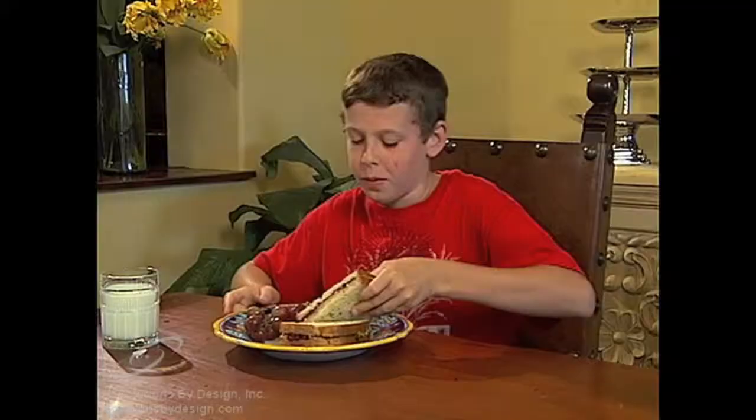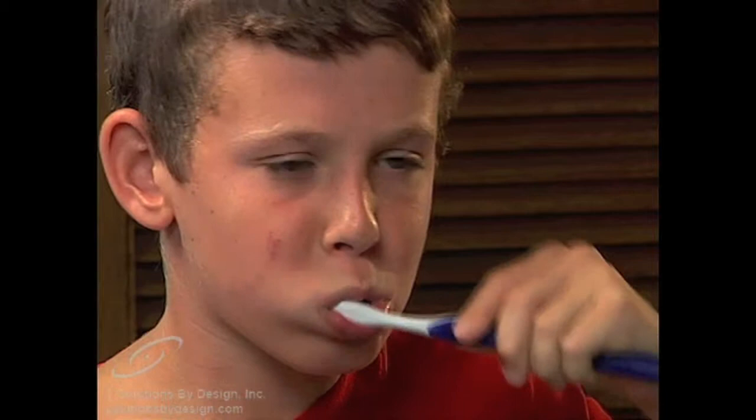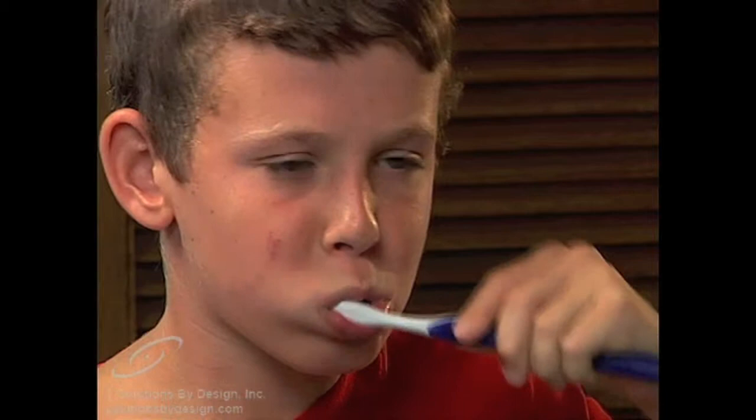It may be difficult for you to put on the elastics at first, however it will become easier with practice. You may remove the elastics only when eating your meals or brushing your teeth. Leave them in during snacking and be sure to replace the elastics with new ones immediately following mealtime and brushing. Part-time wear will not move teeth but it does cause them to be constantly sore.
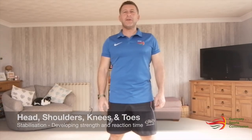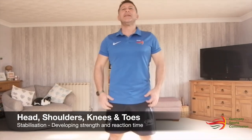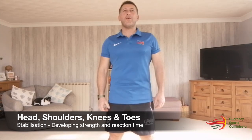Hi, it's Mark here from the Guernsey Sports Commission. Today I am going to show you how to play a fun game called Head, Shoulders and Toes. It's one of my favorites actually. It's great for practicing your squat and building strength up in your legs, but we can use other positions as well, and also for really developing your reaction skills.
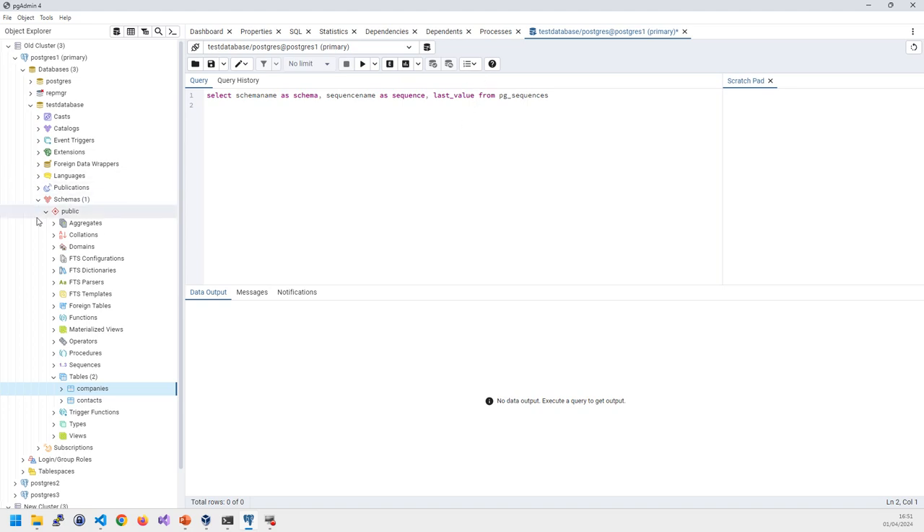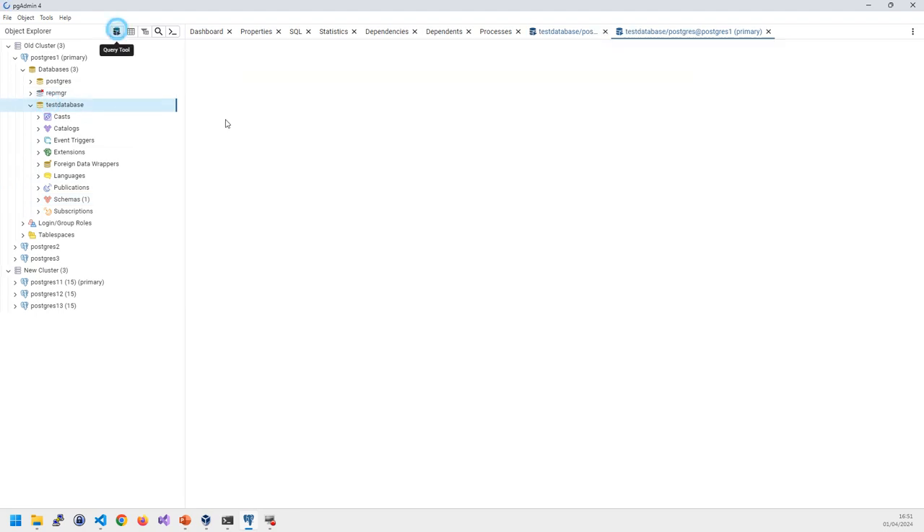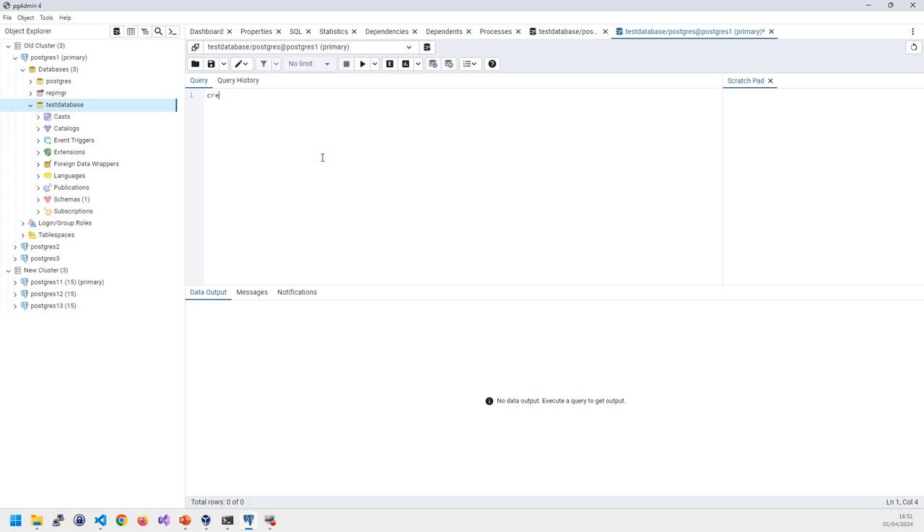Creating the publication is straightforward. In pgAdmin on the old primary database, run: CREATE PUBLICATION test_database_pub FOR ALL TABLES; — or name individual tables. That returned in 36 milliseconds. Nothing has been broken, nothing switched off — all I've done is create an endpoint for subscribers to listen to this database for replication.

**TRY IT:**
From the first line of the material down to the line containing "Hi, it's Mark", inclusive, return each line exactly, skipping any picture.

**ANSWER SECTION:**
It may be difficult for you to put on the elastics at first, however it will become easier with practice. You may remove the elastics only when eating your meals or brushing your teeth. Leave them in during snacking and be sure to replace the elastics with new ones immediately following mealtime and brushing. Part-time wear will not move teeth but it does cause them to be constantly sore.
Hi, it's Mark here from the Guernsey Sports Commission. Today I am going to show you how to play a fun game called Head, Shoulders and Toes. It's one of my favorites actually. It's great for practicing your squat and building strength up in your legs, but we can use other positions as well, and also for really developing your reaction skills.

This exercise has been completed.